Task directions: Set down, exactly as written, every line from the top of the records below to the line containing "Miniatura 5 de", both ends included, and no others.

Records provided:
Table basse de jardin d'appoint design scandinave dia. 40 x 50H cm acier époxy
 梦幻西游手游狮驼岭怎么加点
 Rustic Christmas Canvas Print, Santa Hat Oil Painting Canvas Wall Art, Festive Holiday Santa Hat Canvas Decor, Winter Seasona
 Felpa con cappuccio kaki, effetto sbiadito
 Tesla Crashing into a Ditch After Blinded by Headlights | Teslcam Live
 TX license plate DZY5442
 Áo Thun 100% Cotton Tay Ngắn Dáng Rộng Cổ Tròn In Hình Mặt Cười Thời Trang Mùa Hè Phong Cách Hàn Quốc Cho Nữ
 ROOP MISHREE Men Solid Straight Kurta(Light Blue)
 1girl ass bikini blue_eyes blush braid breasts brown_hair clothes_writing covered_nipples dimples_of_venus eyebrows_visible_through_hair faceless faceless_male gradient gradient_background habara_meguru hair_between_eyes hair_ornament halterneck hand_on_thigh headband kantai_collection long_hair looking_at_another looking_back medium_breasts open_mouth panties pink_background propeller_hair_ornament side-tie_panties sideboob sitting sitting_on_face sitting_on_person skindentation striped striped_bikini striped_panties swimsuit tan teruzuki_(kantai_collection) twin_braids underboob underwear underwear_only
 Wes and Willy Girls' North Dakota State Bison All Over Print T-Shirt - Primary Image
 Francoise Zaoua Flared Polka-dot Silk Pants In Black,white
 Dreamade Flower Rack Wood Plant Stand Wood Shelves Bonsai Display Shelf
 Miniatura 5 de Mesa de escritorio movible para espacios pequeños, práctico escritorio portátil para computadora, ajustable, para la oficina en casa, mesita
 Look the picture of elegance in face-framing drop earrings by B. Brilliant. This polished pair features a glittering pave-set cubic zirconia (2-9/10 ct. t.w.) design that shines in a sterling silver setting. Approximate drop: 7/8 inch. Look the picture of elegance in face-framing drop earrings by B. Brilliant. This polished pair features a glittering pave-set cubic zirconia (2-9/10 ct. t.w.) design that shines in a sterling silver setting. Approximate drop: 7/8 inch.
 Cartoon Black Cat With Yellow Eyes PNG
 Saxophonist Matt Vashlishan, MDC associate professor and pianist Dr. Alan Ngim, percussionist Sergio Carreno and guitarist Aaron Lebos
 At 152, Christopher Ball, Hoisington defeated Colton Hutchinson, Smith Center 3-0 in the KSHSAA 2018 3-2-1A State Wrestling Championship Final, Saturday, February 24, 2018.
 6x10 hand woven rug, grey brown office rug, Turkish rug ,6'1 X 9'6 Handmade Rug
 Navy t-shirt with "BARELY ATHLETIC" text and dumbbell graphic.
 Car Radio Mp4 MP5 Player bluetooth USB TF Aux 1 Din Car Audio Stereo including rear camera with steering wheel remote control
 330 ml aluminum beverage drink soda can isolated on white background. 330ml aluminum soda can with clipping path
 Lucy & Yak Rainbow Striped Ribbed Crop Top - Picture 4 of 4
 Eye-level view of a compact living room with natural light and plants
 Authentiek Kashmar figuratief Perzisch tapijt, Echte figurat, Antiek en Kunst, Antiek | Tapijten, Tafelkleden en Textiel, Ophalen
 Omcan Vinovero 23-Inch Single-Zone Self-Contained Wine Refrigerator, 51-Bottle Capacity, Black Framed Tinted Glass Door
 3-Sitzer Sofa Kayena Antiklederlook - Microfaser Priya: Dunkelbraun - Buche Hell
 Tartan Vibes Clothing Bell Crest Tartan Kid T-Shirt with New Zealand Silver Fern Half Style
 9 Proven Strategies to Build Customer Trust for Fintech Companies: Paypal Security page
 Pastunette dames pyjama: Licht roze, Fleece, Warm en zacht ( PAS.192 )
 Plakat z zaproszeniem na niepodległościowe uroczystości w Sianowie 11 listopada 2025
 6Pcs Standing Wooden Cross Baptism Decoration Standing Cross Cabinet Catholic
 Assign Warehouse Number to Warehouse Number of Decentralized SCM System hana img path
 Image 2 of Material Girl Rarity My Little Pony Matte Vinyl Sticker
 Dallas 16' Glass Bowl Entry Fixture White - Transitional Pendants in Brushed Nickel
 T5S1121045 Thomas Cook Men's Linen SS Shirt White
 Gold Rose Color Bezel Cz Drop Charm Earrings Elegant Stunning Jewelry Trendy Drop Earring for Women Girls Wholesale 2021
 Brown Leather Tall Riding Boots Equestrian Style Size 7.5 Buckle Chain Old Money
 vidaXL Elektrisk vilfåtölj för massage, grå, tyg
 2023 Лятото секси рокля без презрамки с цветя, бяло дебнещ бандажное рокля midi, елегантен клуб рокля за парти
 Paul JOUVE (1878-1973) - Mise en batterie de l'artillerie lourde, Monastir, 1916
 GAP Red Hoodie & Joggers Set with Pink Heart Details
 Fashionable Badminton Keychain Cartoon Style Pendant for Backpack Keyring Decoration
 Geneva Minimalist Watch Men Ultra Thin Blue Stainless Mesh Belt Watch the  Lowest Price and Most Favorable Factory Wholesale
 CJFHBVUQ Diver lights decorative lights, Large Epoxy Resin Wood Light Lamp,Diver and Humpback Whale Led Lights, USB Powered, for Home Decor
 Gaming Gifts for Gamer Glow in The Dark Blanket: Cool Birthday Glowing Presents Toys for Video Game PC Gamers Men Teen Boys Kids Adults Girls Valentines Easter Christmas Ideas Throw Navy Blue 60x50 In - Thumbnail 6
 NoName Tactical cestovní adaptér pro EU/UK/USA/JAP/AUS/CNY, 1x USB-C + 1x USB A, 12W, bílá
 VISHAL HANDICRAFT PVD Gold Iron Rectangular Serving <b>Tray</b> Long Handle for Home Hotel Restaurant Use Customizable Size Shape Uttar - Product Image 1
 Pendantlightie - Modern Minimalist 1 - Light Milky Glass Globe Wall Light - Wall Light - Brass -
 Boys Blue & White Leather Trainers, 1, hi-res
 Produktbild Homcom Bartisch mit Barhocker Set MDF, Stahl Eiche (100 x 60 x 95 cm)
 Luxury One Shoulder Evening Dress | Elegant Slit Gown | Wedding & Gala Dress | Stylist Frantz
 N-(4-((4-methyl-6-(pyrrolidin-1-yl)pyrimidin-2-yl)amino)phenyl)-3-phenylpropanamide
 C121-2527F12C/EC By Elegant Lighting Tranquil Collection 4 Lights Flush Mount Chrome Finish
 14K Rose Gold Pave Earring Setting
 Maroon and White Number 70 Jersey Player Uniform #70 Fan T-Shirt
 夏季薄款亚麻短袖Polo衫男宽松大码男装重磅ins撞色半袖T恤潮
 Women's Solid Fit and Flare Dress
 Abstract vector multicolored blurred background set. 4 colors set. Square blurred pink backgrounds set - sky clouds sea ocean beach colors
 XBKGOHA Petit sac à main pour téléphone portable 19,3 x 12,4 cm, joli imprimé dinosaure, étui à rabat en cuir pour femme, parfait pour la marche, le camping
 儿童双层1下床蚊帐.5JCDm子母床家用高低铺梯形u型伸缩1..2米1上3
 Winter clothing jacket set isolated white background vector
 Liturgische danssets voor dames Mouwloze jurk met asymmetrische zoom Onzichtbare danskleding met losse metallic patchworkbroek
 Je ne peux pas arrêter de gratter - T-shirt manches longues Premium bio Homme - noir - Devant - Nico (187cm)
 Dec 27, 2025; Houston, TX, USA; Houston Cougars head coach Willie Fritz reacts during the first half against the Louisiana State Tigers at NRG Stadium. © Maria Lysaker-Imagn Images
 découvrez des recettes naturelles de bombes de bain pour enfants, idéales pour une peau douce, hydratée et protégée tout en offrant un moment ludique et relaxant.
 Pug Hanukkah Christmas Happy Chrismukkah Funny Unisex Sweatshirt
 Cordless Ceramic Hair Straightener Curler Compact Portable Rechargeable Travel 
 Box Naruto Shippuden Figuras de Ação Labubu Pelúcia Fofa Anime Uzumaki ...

Output:
Table basse de jardin d'appoint design scandinave dia. 40 x 50H cm acier époxy
 梦幻西游手游狮驼岭怎么加点
 Rustic Christmas Canvas Print, Santa Hat Oil Painting Canvas Wall Art, Festive Holiday Santa Hat Canvas Decor, Winter Seasona
 Felpa con cappuccio kaki, effetto sbiadito
 Tesla Crashing into a Ditch After Blinded by Headlights | Teslcam Live
 TX license plate DZY5442
 Áo Thun 100% Cotton Tay Ngắn Dáng Rộng Cổ Tròn In Hình Mặt Cười Thời Trang Mùa Hè Phong Cách Hàn Quốc Cho Nữ
 ROOP MISHREE Men Solid Straight Kurta(Light Blue)
 1girl ass bikini blue_eyes blush braid breasts brown_hair clothes_writing covered_nipples dimples_of_venus eyebrows_visible_through_hair faceless faceless_male gradient gradient_background habara_meguru hair_between_eyes hair_ornament halterneck hand_on_thigh headband kantai_collection long_hair looking_at_another looking_back medium_breasts open_mouth panties pink_background propeller_hair_ornament side-tie_panties sideboob sitting sitting_on_face sitting_on_person skindentation striped striped_bikini striped_panties swimsuit tan teruzuki_(kantai_collection) twin_braids underboob underwear underwear_only
 Wes and Willy Girls' North Dakota State Bison All Over Print T-Shirt - Primary Image
 Francoise Zaoua Flared Polka-dot Silk Pants In Black,white
 Dreamade Flower Rack Wood Plant Stand Wood Shelves Bonsai Display Shelf
 Miniatura 5 de Mesa de escritorio movible para espacios pequeños, práctico escritorio portátil para computadora, ajustable, para la oficina en casa, mesita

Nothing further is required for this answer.